Wednesday, January 28, 2009

Another Finished Project

Yesterday's ABC Baby Afghan was not the only project I finally got finished. This week I finally finished a mosaic for myself.

A few months ago my sister wanted me to make a mosaic for her based on our phony baloney sheep's cheese label I put together quite some time ago. At that time my sister was mostly making mozzarrella, one of the easier cheeses to make, and this is the label I came up with.

She said she wanted the sheep, the words "Ewe La La Cheese Co" and something similar to "artisan sheep milk cheese and yogurt". She insisted the sheep had to have the all the curlicues and cuteness of the original. As I worked with the design I realized bigger would be easier and my first board was too small.

I put that board away to be used later for some other project and started over. This time I made the board a little bigger and left plenty of room at the top and bottom for the words. I shortened the first part to simply "Ewe La La" and changed the bottom around to a more aesthetically pleasing sounding (at least to me) "Artisinal Sheep's Milk Yogurt & Cheese". I really wanted to make the letters in the same curly font and wasn't sure if I could pull it off.

Then I remembered my handy dandy Rotozip with all it's marvelous attachments. I did a little experiment with the flex shaft attachment and a tile bit. It worked! I copied the letters as best I could from the original, then used tracing paper over the copied letters. Then flipping the tracing paper back and forth over a tile I was able to copy the letter to the tile. The Rotozip tile bit cut through the tile and I was able to carefully carve the letters out. For the bottom letters I used some already printed out letters that we had gotten when Carli was in 4-H. They were the right size and I just had to trace around them on the tile with a china marker pencil. The curly letters would have been way too much work on the bottom!

One of the hardest things about the sheep was the tile I used for the main body. Not just hard as in difficult to do, but hard because it was a porcelain floor tile and very hard texturally. The Rotozip didn't work well on it, and in fact is not supposed to be used on that type of tile. Those pieces were all broken or cut by hand with the tile nippers.

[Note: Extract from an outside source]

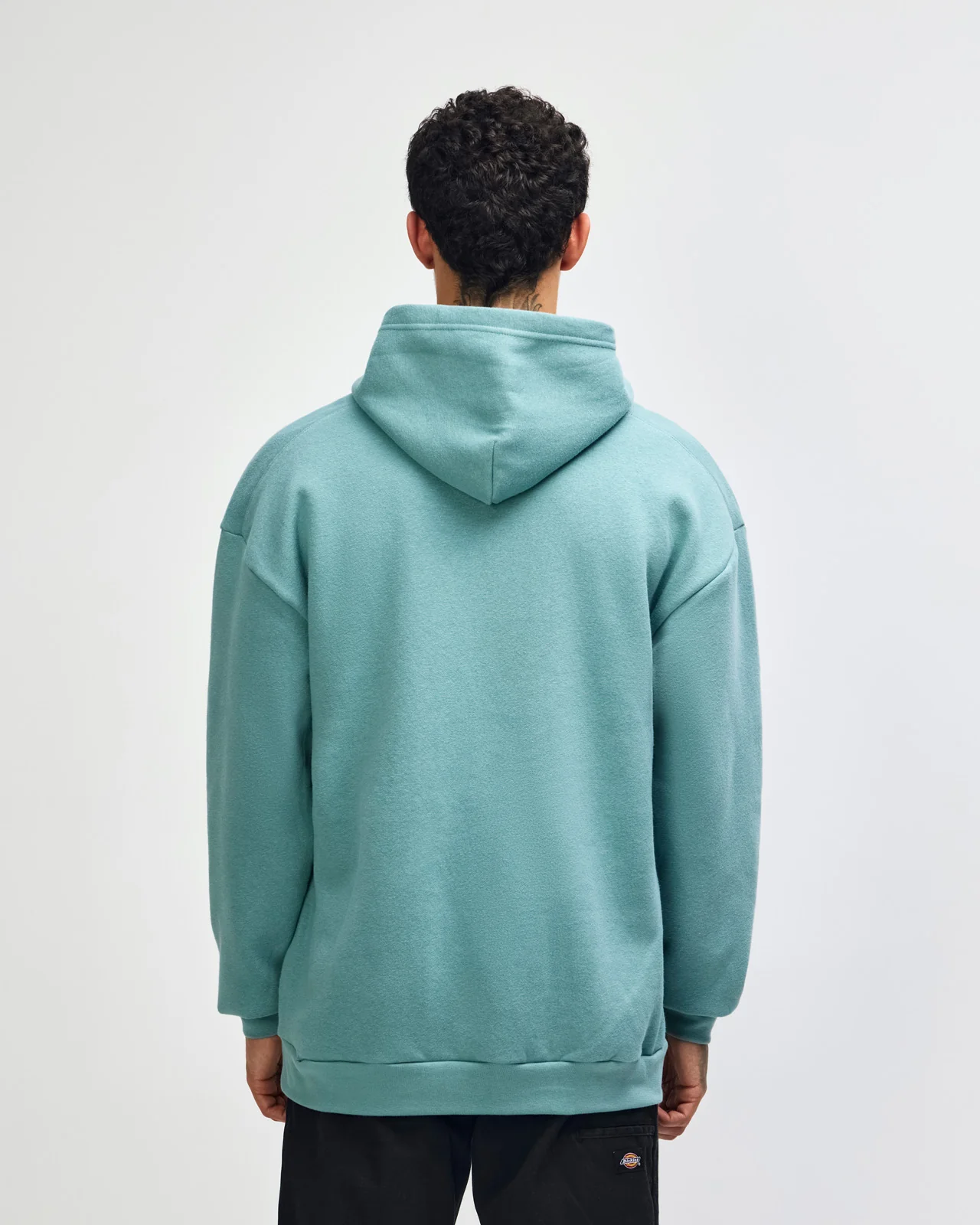 Unisex Hoodie - Image 23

I decided to do the background with a sort of subway tile look. I cut the tile with a tile cutter into strips. At first I was going to make the strips all the same size and stack them, but I quickly realized that wasn't going to work for me. I changed it to more of an irregular running bond pattern which made it easier.

I got this one finished at the end of November and I liked it so much I decided to use the first, smaller board to make another for myself.
By this time I had the brilliant idea to go and buy carbon paper to copy the letters. I also managed to play with the computer a bit and figured out how to make the letters print larger (by making it "landscape" instead of "portrait"). I decided my mosaic didn't need the bottom words so that would further make it a little easier. The only other change I made was that I decided to play with the colors and go with something a little brighter.

Eventually everything but the background was done. I had been playing with the idea of making it in a sort of fan cobblestone pattern but was unsure of how "busy" it would make the whole thing look. Finally I just decided to go for it and bite the bullet and "just do it". Well I guess I had to make something a little harder for myself!As always there was a learning curve involved. It turned out good enough for me and I am actually pleased with the results.

Now I just have to figure out where I'm going to put it!

5 comments:

Anonymous said...

Hey, these look great. I like them both. You have good ideas for mosaics.

Anonymous said...

Wow, those are just beautiful! You have a gift, little girl.

LC

Anonymous said...

WOW. I am in awe. Everytime I see one of these you make my jaw just drops. You are very talented. And I love the name! So cute!

Anonymous said...

Ooooo LA LA!

Anonymous said...

As we speak, there are 3 blue style cheeses and one mancheco ripening. Of course, they are "merely" cow's milk cheeses since your ewes are not quite ready to share.

Your mosaics are suburb and get better with each one you make!